At other times I try to figure out if she knows how annoying the question is and if she is asking it to infuriate me. Regardless, 2 year olds do tend to be evil geniuses.
Still, I have become fascinated with how many times the answer to her “why?” lies in my personal comfort or preserving the comfort of others.
For example, earlier today we walked in our house and, with full hands, I said, “Can you please close the door for me?”
“Because if we don’t close the door it will let all the heat out and living in a cold house is uncomfortable.”
“Because I don’t like the cold!”
A few days ago we had a similar conversation.
“Can you please clean up your toys?”
“Because I really don’t like messes. They make me frustrated and uncomfortable and angry.”
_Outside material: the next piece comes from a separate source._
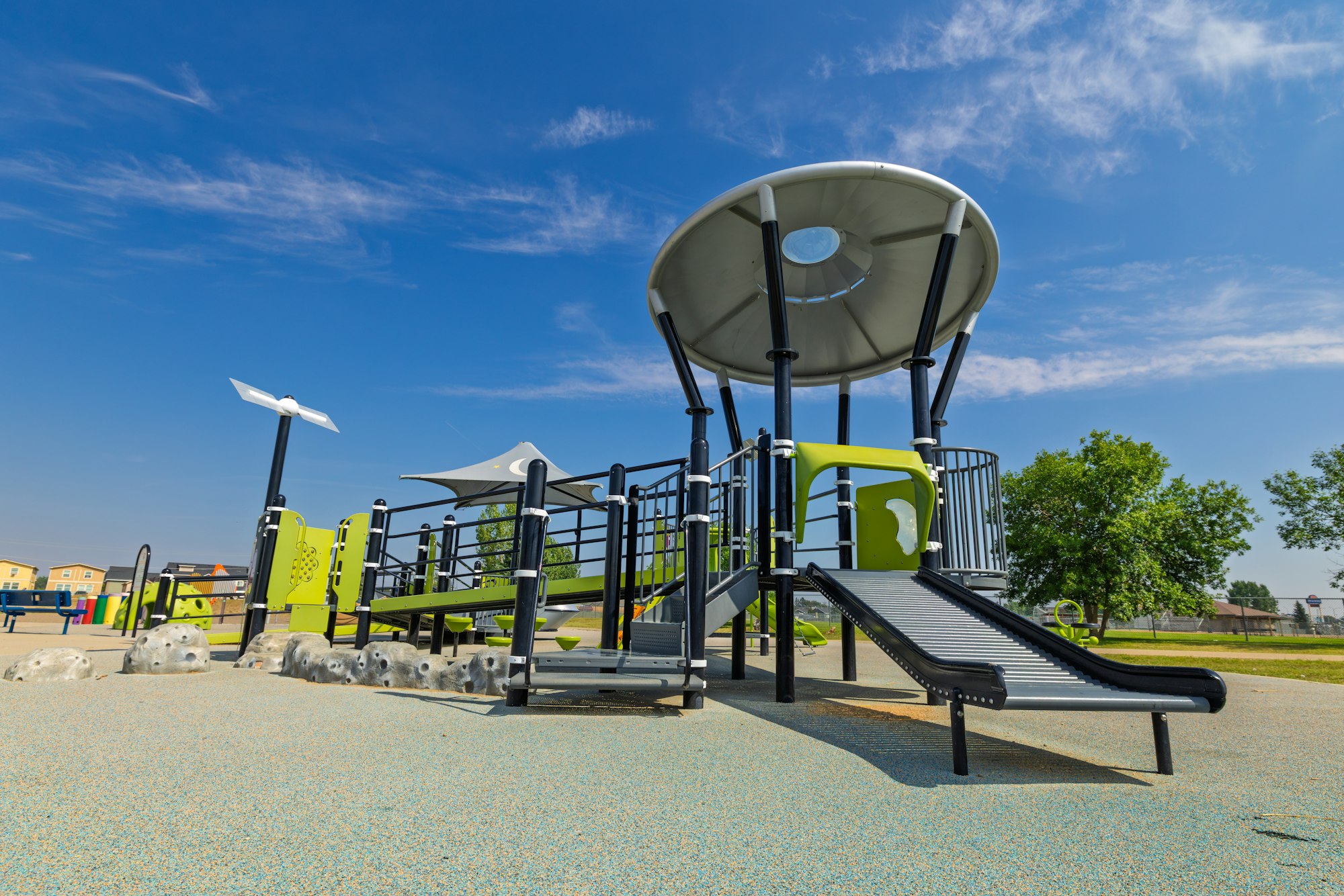 A modern playground featuring slides, climbing features, and a large canopy, set against a clear blue sky.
“Why? Why do I have to pick up my toys?”
“Because I told you I don’t like messes and also because your mom hates them as much as I do and I don’t like it when mommy gets mad.”
Or consider this conversation:
“Stop hitting your brother?”
“Because hitting people is mean. It hurts them and we don’t like it when other people get oowies.”
I don’t know if there is actually anything lying under the surface of these conversations but thinking about them has made me wonder a lot about comfort.
Is the impetus of most of my actions the creation or preservation of comfort, either for myself or others? Is this a bad thing? Is the chief end of love providing for the comfort of others, or even yourself?
Be that as it may, my children are growing up in an incredibly comfortable world. They have 3 times as many toys as the average child. They have a warm house, good food and lots of hugs and kisses from relatives and church friends. They have coats to keep them warm. They have parks to play at and coats to wear if the temperature is below average. They have warm beds and plenty of clothing. More than that, through the internet, my wife and I have access to thousands of research studies that let us know just exactly how to increase and preserve the comfort of my children.
And I don’t know how much of this is a good thing.
Meanwhile I am reading a great book called “Renovating Holiness” that was just released this week. The book is a compilation of essays that seek to begin new conversations on Christian Holiness. Not surprisingly, the essays talk more about love than they do holiness because most of the contributors (myself included) believe holiness is rooted in the love of God, neighbor, enemy and all that is in between.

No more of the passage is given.